— Activity —
Should an entry contain an image, leave the image out and repeat the entry's text exactly.

(Data entries)
+++

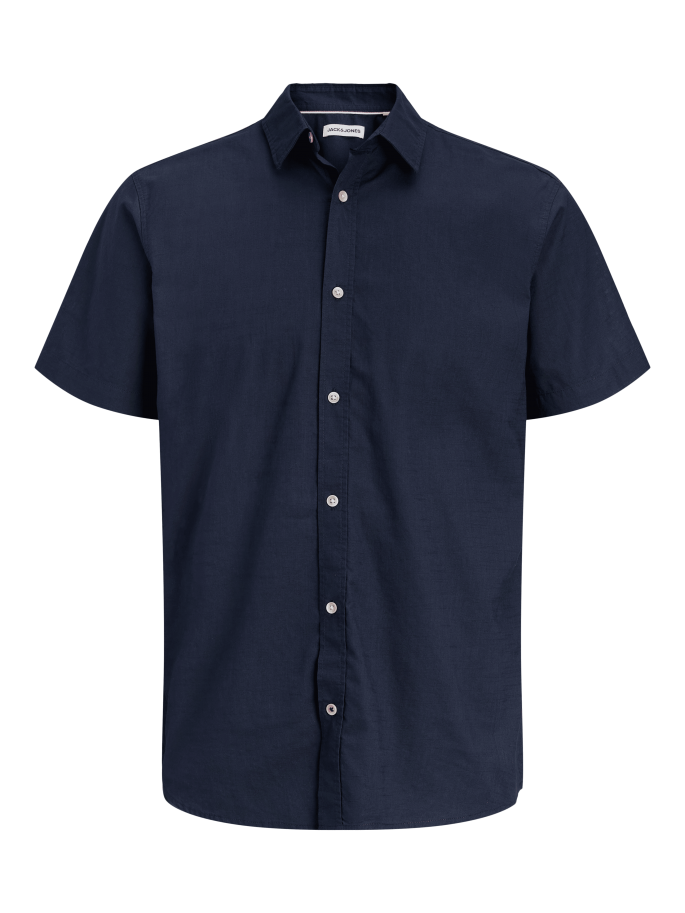 JJHENRY SLUB SHIRT SS AZUL OSCURO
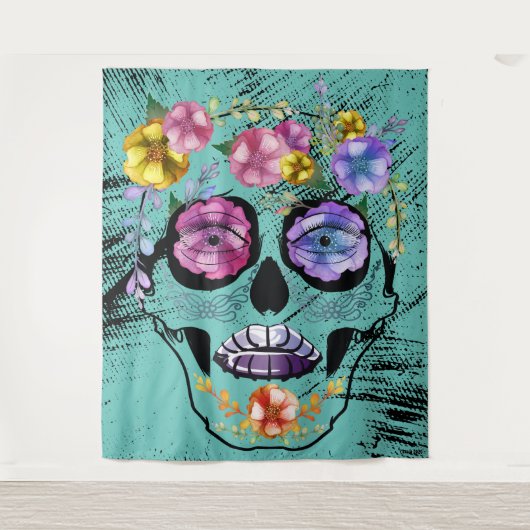 Zuckerkulle Aquamarine Blume Wandteppich (Vorderseite)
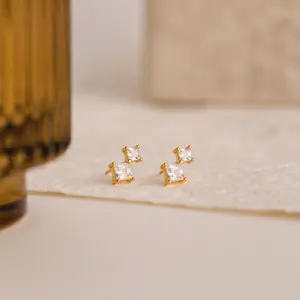 Aria Diamond Drop Studs by Caitlyn Minimalist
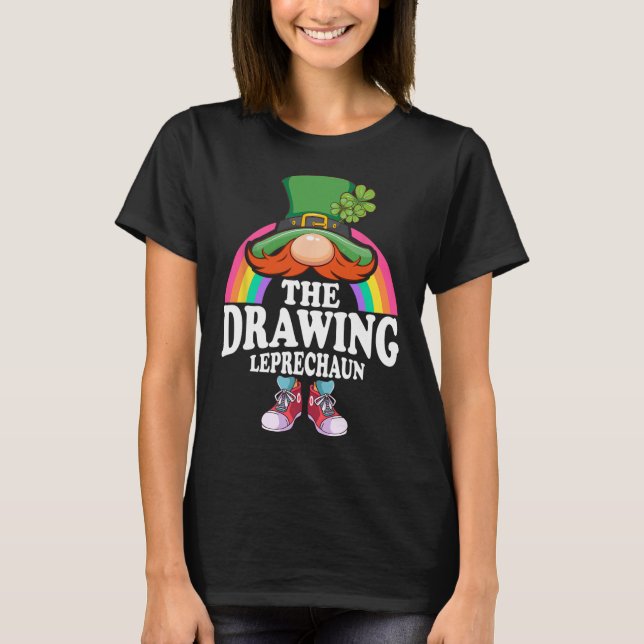 The Drawing Leprechaun St Patricks Day Costume  T-Shirt (Front)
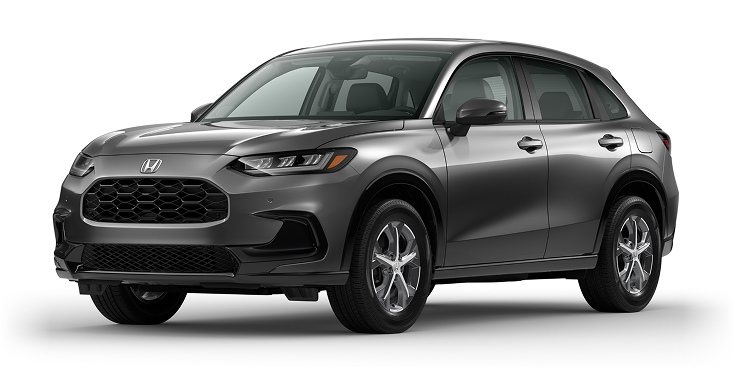 2023 HR-V EX-L 3/4 front view in Modern Steel Metallic.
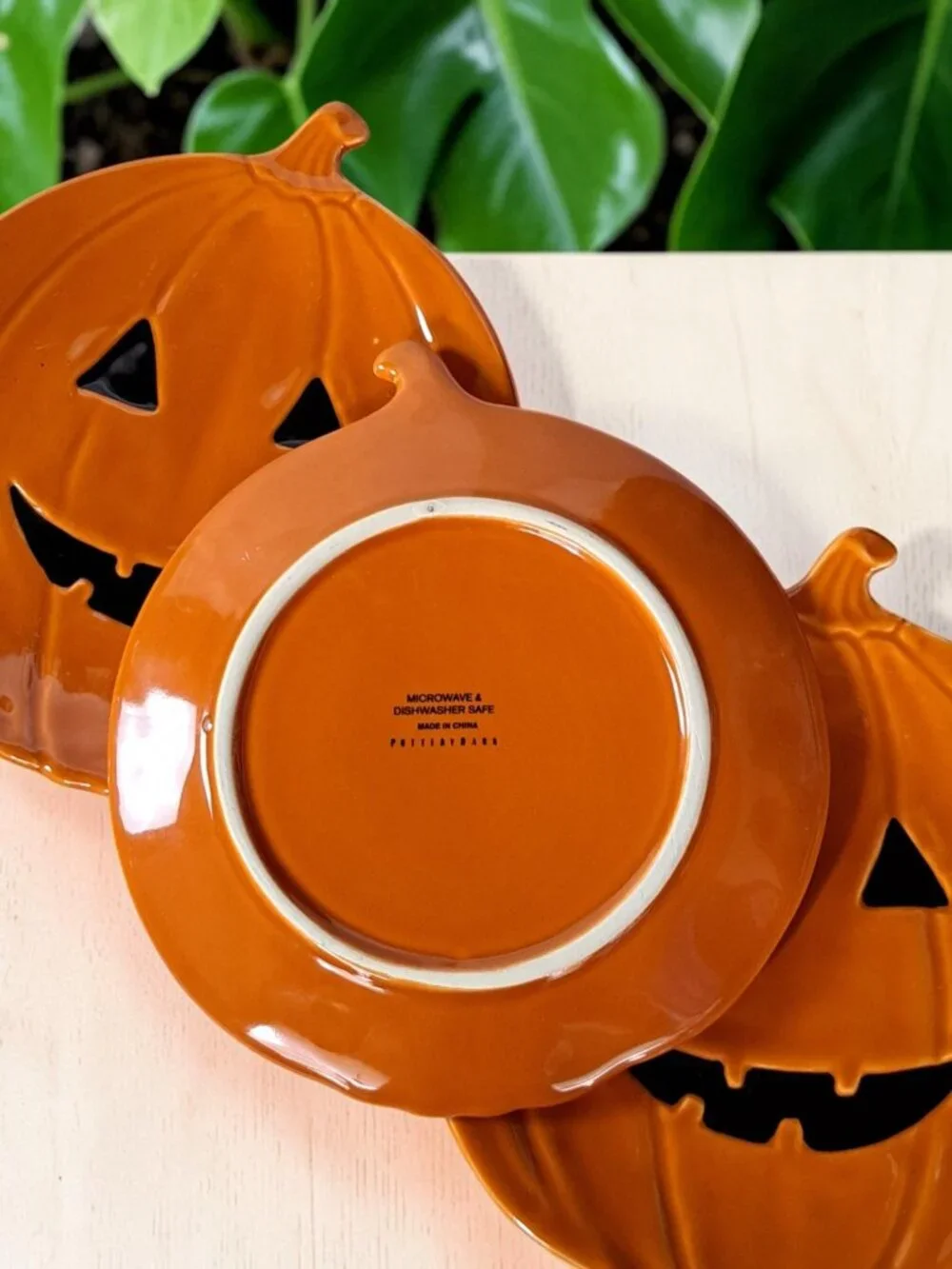 (3) Pottery Barn Pumpkin Jack O Lantern Dessert Plates Dishes Ceramic Halloween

+++

— Output for this exercise —
 JJHENRY SLUB SHIRT SS AZUL OSCURO
 Zuckerkulle Aquamarine Blume Wandteppich (Vorderseite)
 Aria Diamond Drop Studs by Caitlyn Minimalist
 The Drawing Leprechaun St Patricks Day Costume  T-Shirt (Front)
 2023 HR-V EX-L 3/4 front view in Modern Steel Metallic.
 (3) Pottery Barn Pumpkin Jack O Lantern Dessert Plates Dishes Ceramic Halloween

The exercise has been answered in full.